Évoquez le printemps avec un québécois, et la discussion sera presque immanquablement empreinte d’une bonne dose d’espoir et d’ironie mêlés.

Il faut dire qu’après un hiver rigoureux et long, et il le fut particulièrement cette année, l’espoir mis dans un retour rapide des températures clémentes et de la végétation est toujours assez démesuré. Comme l’est invariablement la déception face à un hiver qui n’en finit pas d’achever, décochant ses ultimes flèches de glace et de givre bien après l’arrivée officielle d’un printemps aussi poussif qu’hésitant.

Nous en avons fait le test grandeur nature cette année, avec notamment un jardin transformé par endroits en mare aux canards, la fonte des neiges et les grosses averses se combinant pour créer un refuge à palmipèdes improvisé.

Le « second » printemps fut par contre lui bien en rendez-vous, se traduisant fin mai et début juin par une véritable explosion végétale d’une impressionnante prodigalité, à la mesure de l’attente suscitée.

Une vraie saison bis donc, comme l’ont bien compris les peuples autochtones dont le calendrier reflète souvent avec bien plus d’acuité les réalités locales.

Il en est ainsi chez les Atikamekw, nation autochtone de la vallée de la rivière Saint-Maurice, chez qui le « pré-printemps » Sikon, période de la fonte des neiges et temps des érables en mars/avril, précède Mirakamin, période du réveil de la nature et printemps proprement dit en mai/juin.

 Leur calendrier compte six saisons, tout comme celui des Crees de la Saskatchewan, pour qui Mikisewipesim, la lune des aigles, fait place à Niskipesim, la lune des oies.   

Le témoignage précieux d’un mode de vie au plus près des éléments et de la subtilité des cycles naturels, dont il ne tient qu’à nous de nous inspirer.

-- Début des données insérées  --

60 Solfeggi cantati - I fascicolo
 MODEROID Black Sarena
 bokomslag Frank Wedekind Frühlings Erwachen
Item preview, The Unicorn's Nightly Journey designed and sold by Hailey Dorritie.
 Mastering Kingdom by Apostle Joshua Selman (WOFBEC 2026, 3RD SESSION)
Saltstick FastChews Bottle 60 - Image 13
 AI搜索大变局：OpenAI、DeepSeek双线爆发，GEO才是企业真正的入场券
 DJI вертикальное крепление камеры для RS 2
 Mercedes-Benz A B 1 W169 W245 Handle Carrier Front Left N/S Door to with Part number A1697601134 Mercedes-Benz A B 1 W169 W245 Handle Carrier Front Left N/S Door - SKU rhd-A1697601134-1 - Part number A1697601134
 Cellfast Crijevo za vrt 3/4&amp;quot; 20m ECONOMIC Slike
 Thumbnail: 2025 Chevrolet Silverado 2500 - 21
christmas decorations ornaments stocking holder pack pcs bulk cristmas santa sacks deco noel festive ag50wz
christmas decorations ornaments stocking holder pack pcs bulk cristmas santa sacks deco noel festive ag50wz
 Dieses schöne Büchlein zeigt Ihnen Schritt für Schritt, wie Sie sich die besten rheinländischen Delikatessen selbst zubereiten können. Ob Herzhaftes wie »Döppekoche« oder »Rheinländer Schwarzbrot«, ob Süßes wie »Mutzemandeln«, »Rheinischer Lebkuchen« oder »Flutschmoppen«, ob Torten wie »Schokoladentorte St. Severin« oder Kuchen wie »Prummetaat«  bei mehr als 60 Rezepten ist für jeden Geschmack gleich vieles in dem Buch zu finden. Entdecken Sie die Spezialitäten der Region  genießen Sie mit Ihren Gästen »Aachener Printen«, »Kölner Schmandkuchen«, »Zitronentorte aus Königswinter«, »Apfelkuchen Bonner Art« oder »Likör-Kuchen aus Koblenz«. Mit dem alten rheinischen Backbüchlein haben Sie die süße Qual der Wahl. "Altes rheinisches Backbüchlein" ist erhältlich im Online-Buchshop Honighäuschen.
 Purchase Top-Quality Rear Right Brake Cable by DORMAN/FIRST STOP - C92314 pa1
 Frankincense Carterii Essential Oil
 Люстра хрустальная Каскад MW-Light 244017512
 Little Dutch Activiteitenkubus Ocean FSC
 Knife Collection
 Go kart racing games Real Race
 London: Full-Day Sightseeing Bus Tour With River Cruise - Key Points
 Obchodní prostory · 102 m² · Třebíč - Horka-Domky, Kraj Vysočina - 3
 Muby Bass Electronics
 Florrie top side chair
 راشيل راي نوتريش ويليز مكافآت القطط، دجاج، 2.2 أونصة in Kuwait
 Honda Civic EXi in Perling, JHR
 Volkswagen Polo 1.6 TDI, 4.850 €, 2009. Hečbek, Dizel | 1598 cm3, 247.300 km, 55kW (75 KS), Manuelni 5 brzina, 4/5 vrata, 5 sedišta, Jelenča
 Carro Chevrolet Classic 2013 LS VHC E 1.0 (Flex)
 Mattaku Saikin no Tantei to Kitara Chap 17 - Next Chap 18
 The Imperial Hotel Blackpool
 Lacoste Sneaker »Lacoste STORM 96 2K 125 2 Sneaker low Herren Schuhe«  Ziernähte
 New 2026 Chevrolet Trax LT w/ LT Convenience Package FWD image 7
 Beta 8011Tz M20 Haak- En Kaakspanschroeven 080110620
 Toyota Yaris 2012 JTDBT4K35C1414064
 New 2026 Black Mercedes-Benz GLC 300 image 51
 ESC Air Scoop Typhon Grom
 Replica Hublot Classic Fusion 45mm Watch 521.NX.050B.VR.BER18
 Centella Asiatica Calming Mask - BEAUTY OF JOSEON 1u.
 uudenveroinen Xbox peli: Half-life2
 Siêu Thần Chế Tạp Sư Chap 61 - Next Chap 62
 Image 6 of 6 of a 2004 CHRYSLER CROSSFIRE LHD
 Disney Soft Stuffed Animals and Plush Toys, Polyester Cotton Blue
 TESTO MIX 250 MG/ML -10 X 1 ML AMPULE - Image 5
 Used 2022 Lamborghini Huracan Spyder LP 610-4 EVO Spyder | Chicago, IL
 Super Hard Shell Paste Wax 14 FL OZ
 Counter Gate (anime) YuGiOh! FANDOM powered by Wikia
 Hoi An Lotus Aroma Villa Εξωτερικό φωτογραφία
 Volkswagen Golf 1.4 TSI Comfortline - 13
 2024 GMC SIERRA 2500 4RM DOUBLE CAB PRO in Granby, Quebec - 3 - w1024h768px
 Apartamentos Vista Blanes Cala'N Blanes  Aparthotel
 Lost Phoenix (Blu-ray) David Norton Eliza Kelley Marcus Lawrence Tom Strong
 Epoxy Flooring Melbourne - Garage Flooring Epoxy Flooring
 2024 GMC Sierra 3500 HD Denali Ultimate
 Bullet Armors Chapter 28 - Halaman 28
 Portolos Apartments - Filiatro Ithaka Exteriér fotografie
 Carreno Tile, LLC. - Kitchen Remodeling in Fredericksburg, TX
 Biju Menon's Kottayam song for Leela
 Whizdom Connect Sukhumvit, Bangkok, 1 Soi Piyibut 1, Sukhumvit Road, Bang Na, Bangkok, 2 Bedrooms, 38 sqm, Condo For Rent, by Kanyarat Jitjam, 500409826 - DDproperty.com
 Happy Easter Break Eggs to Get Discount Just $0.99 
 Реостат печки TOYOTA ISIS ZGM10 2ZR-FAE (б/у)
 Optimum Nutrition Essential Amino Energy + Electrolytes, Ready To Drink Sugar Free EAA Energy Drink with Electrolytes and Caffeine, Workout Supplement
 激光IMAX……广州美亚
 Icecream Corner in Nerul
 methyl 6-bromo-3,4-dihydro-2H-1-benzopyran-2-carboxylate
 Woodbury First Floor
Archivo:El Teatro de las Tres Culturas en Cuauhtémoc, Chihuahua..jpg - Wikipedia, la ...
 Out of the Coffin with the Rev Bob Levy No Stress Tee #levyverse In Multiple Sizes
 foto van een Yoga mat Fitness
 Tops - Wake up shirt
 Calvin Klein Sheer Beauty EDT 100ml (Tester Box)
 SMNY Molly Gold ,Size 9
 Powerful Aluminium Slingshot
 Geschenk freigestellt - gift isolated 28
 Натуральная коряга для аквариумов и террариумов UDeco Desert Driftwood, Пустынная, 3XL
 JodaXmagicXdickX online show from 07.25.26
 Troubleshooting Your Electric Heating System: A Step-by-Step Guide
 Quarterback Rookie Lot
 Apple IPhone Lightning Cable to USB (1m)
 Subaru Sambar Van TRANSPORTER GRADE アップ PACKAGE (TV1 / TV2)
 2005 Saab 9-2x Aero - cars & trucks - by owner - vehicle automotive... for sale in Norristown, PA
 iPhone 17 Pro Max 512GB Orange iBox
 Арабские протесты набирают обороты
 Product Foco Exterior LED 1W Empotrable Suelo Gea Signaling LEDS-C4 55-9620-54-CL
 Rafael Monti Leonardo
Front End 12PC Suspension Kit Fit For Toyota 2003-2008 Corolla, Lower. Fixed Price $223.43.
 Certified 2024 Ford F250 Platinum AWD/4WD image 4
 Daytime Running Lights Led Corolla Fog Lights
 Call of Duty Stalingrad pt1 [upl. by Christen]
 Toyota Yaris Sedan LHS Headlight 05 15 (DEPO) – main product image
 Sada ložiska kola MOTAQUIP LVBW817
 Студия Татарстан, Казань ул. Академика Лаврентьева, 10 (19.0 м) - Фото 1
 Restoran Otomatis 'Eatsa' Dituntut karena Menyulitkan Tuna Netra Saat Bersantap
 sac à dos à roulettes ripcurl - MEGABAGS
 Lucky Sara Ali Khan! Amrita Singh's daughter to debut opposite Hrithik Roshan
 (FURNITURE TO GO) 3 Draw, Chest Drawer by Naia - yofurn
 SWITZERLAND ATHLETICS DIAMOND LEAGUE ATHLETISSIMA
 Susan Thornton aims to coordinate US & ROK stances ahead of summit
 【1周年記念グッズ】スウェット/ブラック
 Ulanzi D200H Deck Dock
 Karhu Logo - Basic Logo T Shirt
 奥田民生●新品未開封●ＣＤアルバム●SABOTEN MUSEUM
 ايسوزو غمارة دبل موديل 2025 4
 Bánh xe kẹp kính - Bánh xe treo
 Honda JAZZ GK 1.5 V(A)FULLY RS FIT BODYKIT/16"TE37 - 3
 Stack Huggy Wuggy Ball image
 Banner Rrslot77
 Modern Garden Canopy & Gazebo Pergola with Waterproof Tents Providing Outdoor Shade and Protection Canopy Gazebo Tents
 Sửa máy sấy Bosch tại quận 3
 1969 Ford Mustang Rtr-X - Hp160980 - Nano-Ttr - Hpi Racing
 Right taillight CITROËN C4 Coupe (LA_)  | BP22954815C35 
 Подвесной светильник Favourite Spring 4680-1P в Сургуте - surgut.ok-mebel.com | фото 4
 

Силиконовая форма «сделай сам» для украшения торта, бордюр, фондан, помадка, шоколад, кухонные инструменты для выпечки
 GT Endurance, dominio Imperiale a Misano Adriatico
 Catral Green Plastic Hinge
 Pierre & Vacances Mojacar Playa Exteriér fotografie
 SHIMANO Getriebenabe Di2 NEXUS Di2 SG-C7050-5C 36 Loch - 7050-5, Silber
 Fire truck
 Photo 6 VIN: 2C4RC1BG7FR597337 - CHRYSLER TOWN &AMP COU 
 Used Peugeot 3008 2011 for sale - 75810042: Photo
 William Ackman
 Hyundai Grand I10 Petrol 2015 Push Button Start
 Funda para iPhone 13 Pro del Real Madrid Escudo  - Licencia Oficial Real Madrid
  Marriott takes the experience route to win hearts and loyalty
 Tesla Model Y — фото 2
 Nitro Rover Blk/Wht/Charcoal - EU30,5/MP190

La temporalité, mais aussi la toponymie ainsi que les traditions des autochtones sont encore, et c’est un leg inestimable, largement empreint d’une naturalité qui nous a largement échappé.

De par leur manière de faire corps avec la nature, sans se placer ni au-dessus ni contre elle, ces peuples sont un témoignage vivant et une source d’inspiration prodigieuse alors qu’il s’agit de faire face au défi de la destruction des écosystèmes et du dérèglement climatique.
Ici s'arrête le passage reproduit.